Seigneur,… quand est-ce que nous t’avons vu étranger, et que nous t’avons recueilli ?… – Dans la mesure où vous l’avez fait à l’un de ces plus petits qui sont mes frères, vous me l’avez fait à moi.
Matthieu 25. 37-38, 40
Quand une personne est différente

Dans nos pays, les discriminations et le racisme sont largement décriés. Et pourtant, si je croise une personne différente, que ce soit par son origine, sa situation sociale, son état de santé, ou toute autre différence, n’ai-je pas parfois tendance à me tenir à distance ? Suis-je prêt, non à nier la différence, mais à en lever la barrière pour accueillir l’autre, cet étranger ?

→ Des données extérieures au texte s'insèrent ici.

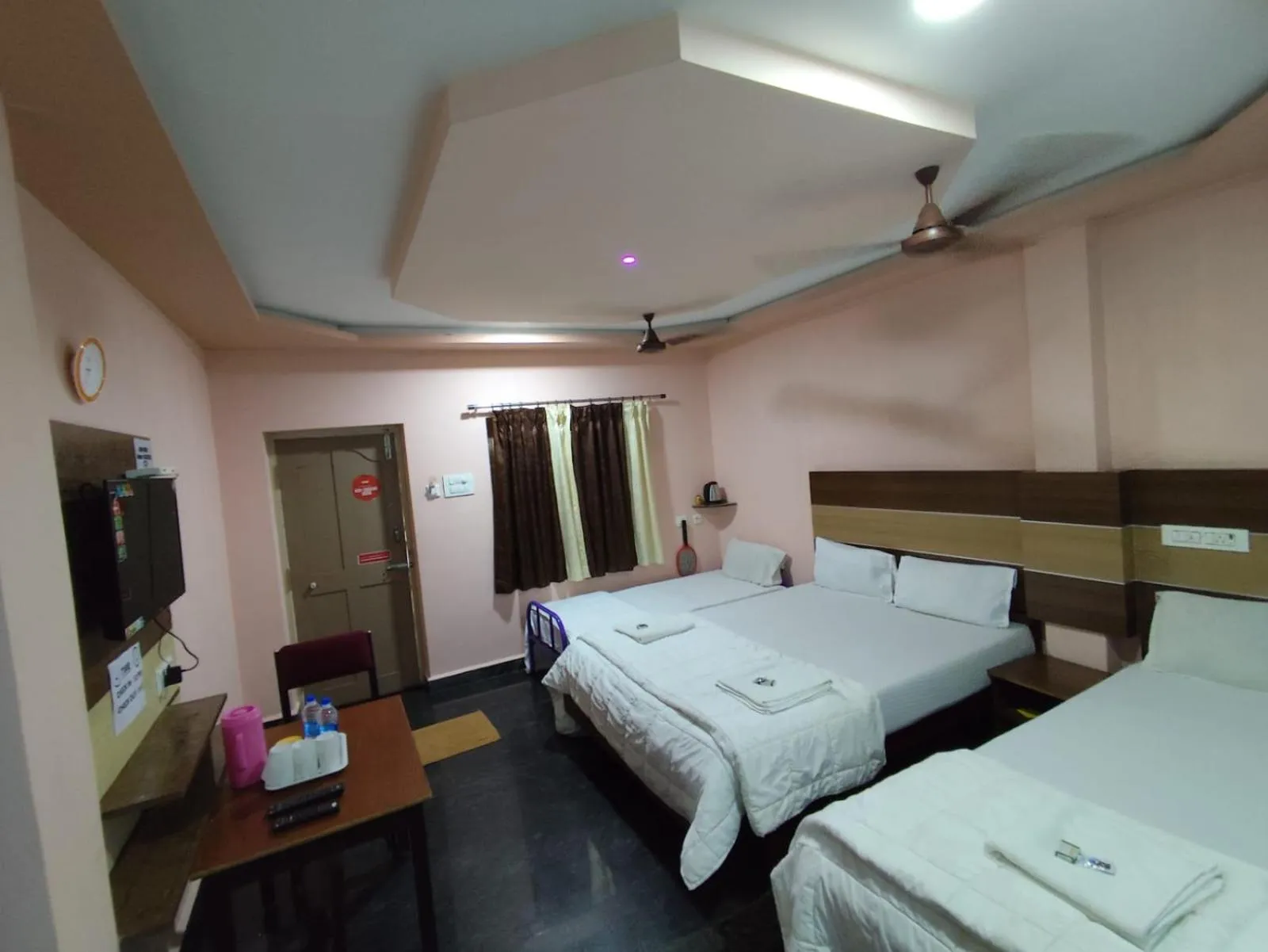Bed in Sri Murugan Beach Paradise Hotel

S’il me paraît naturel de comprendre que l’étranger, mon égal, est digne d’être accueilli et aimé, l’évangile va bien plus loin. Créé par Dieu à son image, chacun de nous est aimé par lui, et notre valeur pour lui ne dépend ni de notre histoire, ni de nos qualités ou défauts.

L’évangile me met à la même place que l’autre, parce que moi aussi j’étais un étranger, pour Dieu, et pourtant il m’a accueilli, il m’a même adopté. En donnant son Fils pour le monde entier, Dieu a démontré l’infini de son amour, pour l’autre comme pour moi. Accueillir l’autre, c’est lui porter un peu de l’amour dont Dieu m’aime.

Entre croyants aussi, nos différences subsistent, mais nous faisons désormais partie de la famille de Dieu, qui nous a réunis en un en Jésus Christ. Les liens d’amour et la vie que répand l’Esprit de Dieu subliment nos différences pour ne garder que la complémentarité de nos dons, donnant à chacun la place et le rôle qui lui conviennent. Comment faire partie de cette famille de Dieu, où chaque enfant est aimé par le Père avec la même force ? Il suffit d’accepter Jésus Christ comme son Sauveur. Dieu m’accepte alors comme son enfant, c’est une nouvelle naissance.